- **DIRECTIONS**:
Working from the entries below, count every line that includes the word "Rose". Return the figure alone.

[Stored items]
########################################

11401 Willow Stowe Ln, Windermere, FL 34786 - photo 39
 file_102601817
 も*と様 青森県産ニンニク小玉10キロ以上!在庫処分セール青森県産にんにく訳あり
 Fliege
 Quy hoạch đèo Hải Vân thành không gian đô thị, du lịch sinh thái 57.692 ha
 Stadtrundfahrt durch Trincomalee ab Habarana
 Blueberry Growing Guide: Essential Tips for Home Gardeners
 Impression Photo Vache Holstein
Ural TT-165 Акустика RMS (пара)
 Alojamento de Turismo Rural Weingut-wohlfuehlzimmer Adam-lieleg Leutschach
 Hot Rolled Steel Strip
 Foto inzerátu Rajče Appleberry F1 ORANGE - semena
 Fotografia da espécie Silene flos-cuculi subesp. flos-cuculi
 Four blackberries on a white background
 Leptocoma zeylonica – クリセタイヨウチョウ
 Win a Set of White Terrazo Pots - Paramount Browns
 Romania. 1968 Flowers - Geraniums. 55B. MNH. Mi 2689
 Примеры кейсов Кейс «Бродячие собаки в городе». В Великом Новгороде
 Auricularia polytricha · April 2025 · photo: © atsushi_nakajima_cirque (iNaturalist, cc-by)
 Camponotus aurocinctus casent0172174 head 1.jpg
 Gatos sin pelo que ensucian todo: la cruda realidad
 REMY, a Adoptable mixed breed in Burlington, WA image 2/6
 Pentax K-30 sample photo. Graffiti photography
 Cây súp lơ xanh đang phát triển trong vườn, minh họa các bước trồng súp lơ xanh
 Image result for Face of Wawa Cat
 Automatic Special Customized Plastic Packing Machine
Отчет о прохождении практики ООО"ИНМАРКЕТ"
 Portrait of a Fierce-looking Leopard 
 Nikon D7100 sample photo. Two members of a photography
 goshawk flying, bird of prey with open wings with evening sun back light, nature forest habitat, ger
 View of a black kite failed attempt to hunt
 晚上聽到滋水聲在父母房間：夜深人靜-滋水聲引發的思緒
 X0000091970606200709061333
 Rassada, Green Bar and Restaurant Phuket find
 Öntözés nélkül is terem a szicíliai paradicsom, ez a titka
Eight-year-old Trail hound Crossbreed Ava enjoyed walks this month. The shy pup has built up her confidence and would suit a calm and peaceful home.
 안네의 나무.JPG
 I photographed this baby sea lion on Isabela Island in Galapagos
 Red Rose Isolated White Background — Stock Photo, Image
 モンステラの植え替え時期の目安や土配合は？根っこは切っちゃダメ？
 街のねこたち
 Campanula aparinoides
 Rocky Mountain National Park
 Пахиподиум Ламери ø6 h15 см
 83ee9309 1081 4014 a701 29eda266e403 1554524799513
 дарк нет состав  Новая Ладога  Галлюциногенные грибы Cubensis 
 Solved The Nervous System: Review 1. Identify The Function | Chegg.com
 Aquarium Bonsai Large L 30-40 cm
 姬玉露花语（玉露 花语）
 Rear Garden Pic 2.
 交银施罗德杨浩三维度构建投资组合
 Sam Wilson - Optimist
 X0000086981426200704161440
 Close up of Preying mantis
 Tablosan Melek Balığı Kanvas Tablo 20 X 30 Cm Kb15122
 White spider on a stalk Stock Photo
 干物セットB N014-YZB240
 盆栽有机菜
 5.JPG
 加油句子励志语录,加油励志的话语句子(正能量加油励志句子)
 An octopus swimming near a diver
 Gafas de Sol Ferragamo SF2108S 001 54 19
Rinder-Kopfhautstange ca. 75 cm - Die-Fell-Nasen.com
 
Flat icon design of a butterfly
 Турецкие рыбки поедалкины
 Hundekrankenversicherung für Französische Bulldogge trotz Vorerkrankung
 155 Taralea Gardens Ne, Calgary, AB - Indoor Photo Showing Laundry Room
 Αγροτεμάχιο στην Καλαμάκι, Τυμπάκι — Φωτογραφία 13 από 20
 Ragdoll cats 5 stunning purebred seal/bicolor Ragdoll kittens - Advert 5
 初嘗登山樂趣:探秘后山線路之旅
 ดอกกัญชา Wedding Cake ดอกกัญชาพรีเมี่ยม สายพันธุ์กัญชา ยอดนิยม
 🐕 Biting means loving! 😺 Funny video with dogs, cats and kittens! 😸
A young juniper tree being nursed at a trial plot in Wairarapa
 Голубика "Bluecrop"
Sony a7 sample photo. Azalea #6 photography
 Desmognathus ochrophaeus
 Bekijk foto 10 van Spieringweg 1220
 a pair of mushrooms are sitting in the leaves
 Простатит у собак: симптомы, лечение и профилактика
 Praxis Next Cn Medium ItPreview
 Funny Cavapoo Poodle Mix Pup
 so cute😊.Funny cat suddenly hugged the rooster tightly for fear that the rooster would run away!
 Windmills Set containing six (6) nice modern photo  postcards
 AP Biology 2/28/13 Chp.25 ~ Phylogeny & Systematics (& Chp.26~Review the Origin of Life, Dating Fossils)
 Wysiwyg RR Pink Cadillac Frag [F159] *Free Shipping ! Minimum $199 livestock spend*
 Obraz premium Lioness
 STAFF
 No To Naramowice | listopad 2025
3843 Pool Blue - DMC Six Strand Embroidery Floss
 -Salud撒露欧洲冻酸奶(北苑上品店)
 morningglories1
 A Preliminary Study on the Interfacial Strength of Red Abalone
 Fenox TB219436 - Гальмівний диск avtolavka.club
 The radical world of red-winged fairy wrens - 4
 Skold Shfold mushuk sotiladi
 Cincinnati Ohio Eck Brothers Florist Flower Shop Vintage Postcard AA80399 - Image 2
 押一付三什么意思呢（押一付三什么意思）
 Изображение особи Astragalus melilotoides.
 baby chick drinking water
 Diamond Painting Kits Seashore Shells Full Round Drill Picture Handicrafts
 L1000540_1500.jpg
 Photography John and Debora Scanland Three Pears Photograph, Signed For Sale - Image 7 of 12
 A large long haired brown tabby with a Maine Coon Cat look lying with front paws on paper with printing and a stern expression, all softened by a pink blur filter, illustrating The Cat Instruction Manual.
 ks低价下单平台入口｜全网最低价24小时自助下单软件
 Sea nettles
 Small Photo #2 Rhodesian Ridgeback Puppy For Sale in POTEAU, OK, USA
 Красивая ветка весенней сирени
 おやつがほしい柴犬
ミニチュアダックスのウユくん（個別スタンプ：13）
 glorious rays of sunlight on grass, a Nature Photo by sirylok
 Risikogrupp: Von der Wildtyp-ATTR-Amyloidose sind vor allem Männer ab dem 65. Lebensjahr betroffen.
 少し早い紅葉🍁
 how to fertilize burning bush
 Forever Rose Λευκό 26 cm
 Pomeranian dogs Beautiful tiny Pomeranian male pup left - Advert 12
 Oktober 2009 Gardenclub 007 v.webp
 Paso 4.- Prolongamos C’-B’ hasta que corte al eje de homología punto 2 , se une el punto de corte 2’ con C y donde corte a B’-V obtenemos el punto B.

########################################

- **RESPONSE TO THIS EXERCISE**:
2